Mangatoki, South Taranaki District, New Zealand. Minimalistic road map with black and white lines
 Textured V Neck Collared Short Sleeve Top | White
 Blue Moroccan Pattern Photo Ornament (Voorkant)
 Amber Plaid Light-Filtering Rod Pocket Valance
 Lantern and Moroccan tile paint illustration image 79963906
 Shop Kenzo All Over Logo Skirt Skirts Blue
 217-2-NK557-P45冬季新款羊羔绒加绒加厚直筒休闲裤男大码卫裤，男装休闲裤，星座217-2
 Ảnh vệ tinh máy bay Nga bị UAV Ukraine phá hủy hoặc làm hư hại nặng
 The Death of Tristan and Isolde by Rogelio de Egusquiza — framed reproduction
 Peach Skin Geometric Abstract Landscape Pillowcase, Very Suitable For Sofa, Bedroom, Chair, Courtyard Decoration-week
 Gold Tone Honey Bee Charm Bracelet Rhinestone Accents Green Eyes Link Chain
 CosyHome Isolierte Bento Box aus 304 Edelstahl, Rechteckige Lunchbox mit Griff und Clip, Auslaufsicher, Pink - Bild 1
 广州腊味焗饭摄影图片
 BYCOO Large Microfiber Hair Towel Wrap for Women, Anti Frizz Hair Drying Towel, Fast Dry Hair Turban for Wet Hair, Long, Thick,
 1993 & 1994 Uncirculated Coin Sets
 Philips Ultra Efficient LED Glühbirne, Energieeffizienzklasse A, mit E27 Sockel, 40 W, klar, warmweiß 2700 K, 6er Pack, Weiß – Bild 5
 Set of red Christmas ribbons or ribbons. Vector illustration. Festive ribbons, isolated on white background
______________________________
PROBLEM REQUIREMENTS
Every entry should be printed again exactly as written.

RESPONSE AREA
Mangatoki, South Taranaki District, New Zealand. Minimalistic road map with black and white lines
 Textured V Neck Collared Short Sleeve Top | White
 Blue Moroccan Pattern Photo Ornament (Voorkant)
 Amber Plaid Light-Filtering Rod Pocket Valance
 Lantern and Moroccan tile paint illustration image 79963906
 Shop Kenzo All Over Logo Skirt Skirts Blue
 217-2-NK557-P45冬季新款羊羔绒加绒加厚直筒休闲裤男大码卫裤，男装休闲裤，星座217-2
 Ảnh vệ tinh máy bay Nga bị UAV Ukraine phá hủy hoặc làm hư hại nặng
 The Death of Tristan and Isolde by Rogelio de Egusquiza — framed reproduction
 Peach Skin Geometric Abstract Landscape Pillowcase, Very Suitable For Sofa, Bedroom, Chair, Courtyard Decoration-week
 Gold Tone Honey Bee Charm Bracelet Rhinestone Accents Green Eyes Link Chain
 CosyHome Isolierte Bento Box aus 304 Edelstahl, Rechteckige Lunchbox mit Griff und Clip, Auslaufsicher, Pink - Bild 1
 广州腊味焗饭摄影图片
 BYCOO Large Microfiber Hair Towel Wrap for Women, Anti Frizz Hair Drying Towel, Fast Dry Hair Turban for Wet Hair, Long, Thick,
 1993 & 1994 Uncirculated Coin Sets
 Philips Ultra Efficient LED Glühbirne, Energieeffizienzklasse A, mit E27 Sockel, 40 W, klar, warmweiß 2700 K, 6er Pack, Weiß – Bild 5
 Set of red Christmas ribbons or ribbons. Vector illustration. Festive ribbons, isolated on white background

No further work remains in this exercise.